JOSÉ BELTRÁN (BARCELONA) | Cosas de la Navidad. Esperaban un rey con espada y ejército. La señal fue otra. Un Niño envuelto en pañales. Recostado en un pesebre. Otros esperaban a un político de púlpito. Tanto es así que algunos se fueron a Roma para exigir nacionalidad y carné de partido. La señal fue otra. Un misionero de Teruel, que se dirigió con la misma facilidad en catalán que en castellano a quienes escuchaban. Citando lo mismo a Saint-Exupéry que al profeta Jeremías.

En su pueblo, Cretas, siempre se ha hablado el “chapurriao”, un dialecto aragonés. De pueblo, sí. Pero con mirada cosmopolita y universal. La que le dio vivir un año en el Congo y otros tantos arrimando el hombro con Manos Unidas. Comprometido con los últimos, fue el único obispo que se manifestó para pedir un pacto contra la pobreza, cuando se llevaban pancartas de otra índole. Así aterrizó el 26 de diciembre como nuevo arzobispo metropolitano.
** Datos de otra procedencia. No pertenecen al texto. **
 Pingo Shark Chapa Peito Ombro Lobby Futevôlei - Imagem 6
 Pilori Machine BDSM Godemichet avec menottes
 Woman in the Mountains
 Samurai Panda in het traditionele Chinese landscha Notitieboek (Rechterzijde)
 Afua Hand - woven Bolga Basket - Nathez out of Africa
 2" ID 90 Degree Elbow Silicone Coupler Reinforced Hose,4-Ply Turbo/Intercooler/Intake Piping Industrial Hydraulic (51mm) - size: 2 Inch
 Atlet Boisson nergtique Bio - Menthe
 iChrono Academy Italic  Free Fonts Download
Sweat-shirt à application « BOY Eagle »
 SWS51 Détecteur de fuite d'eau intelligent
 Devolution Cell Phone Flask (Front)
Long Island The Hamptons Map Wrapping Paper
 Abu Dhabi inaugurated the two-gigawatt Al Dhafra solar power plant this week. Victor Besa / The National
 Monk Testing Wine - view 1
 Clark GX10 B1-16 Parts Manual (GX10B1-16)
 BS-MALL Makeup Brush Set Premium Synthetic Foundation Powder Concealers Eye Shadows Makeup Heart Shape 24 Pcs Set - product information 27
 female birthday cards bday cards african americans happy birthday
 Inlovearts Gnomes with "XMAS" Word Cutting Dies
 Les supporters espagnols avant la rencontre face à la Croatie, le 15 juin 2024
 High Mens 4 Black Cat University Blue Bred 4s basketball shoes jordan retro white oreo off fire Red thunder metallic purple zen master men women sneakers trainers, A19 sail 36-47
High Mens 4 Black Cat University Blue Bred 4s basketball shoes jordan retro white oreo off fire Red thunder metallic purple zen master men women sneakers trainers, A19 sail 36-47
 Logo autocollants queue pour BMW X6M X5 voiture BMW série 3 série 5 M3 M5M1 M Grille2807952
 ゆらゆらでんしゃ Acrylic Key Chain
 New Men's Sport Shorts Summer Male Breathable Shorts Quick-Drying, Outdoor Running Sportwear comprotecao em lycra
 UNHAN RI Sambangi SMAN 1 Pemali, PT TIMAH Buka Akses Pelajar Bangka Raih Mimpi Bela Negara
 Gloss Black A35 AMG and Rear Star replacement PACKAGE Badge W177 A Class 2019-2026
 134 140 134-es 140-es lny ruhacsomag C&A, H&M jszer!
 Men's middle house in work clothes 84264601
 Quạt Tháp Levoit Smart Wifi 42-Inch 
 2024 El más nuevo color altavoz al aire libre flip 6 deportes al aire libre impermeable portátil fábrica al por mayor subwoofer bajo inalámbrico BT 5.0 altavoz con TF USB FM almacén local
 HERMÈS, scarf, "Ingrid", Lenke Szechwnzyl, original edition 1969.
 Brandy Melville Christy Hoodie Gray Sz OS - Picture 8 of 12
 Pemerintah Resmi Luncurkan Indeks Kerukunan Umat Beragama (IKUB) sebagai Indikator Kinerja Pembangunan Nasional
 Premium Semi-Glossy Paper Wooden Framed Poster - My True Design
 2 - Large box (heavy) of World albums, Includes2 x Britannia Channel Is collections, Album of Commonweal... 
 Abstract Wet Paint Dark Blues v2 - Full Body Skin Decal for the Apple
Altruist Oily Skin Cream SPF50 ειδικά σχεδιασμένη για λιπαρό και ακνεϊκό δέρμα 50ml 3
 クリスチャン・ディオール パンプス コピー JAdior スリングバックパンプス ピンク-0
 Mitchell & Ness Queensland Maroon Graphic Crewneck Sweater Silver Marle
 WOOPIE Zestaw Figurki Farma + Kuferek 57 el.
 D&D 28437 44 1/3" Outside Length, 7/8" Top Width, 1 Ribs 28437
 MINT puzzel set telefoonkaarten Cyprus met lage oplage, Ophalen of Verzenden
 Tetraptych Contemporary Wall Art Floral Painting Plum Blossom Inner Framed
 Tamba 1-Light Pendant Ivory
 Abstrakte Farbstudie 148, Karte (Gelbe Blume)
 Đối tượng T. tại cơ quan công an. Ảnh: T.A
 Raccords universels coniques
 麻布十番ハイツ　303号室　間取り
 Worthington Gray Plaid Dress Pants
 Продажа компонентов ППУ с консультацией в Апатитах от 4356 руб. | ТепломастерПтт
De la mano del cardenal ya emérito Lluís Martínez Sistach y de su auxiliar, Sebastià Taltavull.

Juan José Omella no lo tiene fácil, tal y como está el patio. Con un Mas que parece estar de más y unos comicios en el horizonte que añaden más incertidumbre y cansancio. Revuelto en lo electoral, cansado en lo social y secularizado en lo eclesial. “Como Abraham, me he puesto en camino hacia una tierra y hacia una comunidad que tengo que empezar a conocer para poder amar con todo mi ser. Ese camino quiero hacerlo libre de prejuicios, con un corazón abierto y unos oídos atentos”, explicó ante un templo repleto. Le acompañaron casi 60 obispos, con los cardenales Ricardo Blázquez y Carlos Amigo al frente. El nuncio Renzo Fratini le encomienda, en el nombre del Papa, que busque “llegar a todos” al estilo del Buen Pastor, “sirviendo a la unidad en la comunión”.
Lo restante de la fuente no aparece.